Hello,

This may be relevant to some people. At the moment I use the Eigenvalue decomposition implemented in Eigen (or MKL ?GEES) but I just need to find the largest Eigenvalue. This can be done a lot more efficiently using the Power Method or Power Iteration method e.g.
http://www-stat.stanford.edu/~susan/cou ... ode40.html
http://en.wikipedia.org/wiki/Power_iteration

Is this supported in Eigen? otherwise it would be quite useful because often people just need the largest Eigenvalue and it is a waste to compute all just to get the largest. I am implementing it for my project but I think it perhaps would be a needed addition to Eigen.

Best regards,
Giovanni

Yes, at some point we should provide a reference and generic implementation in Eigen supporting both dense and sparse matrices.

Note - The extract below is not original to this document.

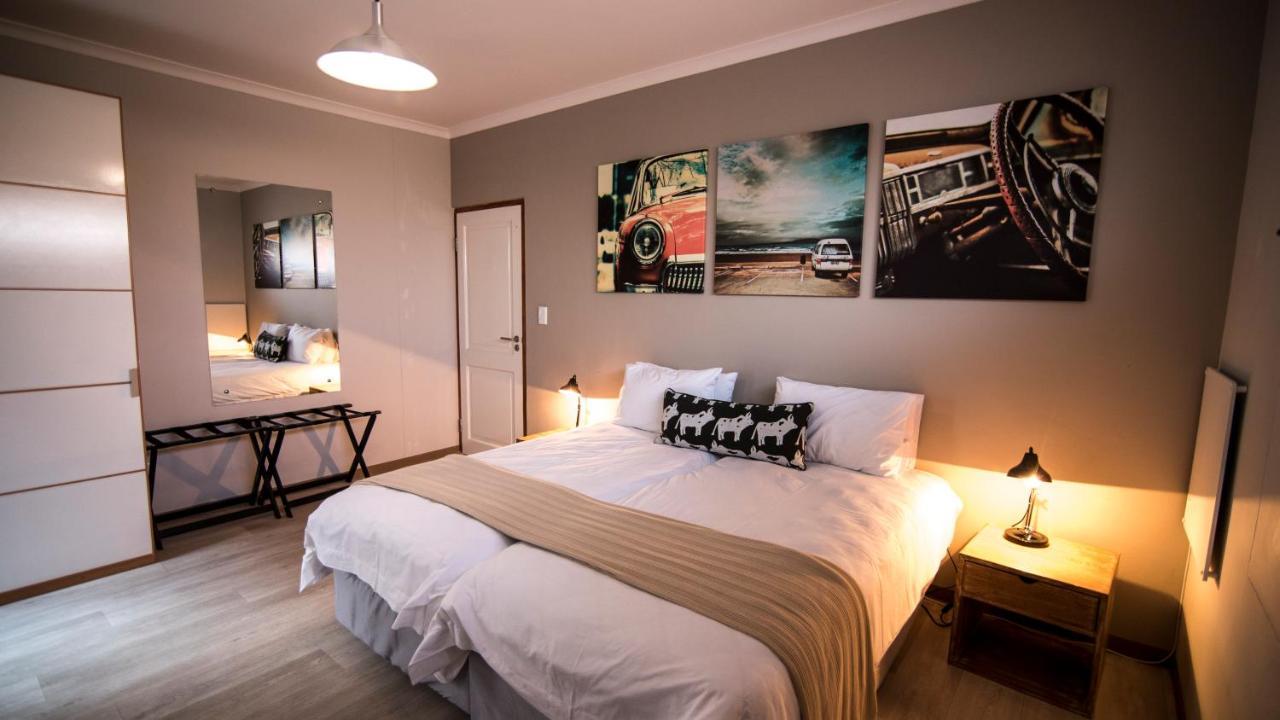 Organic Stay Guesthouse Swakopmund Exteriör bild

Here a reference implementation (ported to Eigen from http://www-stat.stanford.edu/~susan/cou ... ode40.html):

Code: Select all

// Power Method to approximate the largest Eigenvalue
double computeLargestEigenvalue(const MatrixXd& A) {
   double dd = 1.0;
   VectorXd x = VectorXd::Random(A.rows()).transpose();
   double lambda = 10.0;
   const double kEpsilon = 1e-1;
   VectorXd y;
   while (dd > kEpsilon) {
      y = A*x;
      dd = abs(x.norm() - lambda);
      lambda = x.norm();
      x = y / lambda;
   }
   // lambda contains the largest Eigenvalue while x the corresponding Eigenvector
   return lambda;
}

yes, there were some other starts there: viewtopic.php?f=74&t=108033#p251878

Hi There,
I only need the left eigenvector corresponding the largest eigenvalue of some matrix like 10*10. Is there any fast approach to reach it?

Thanks,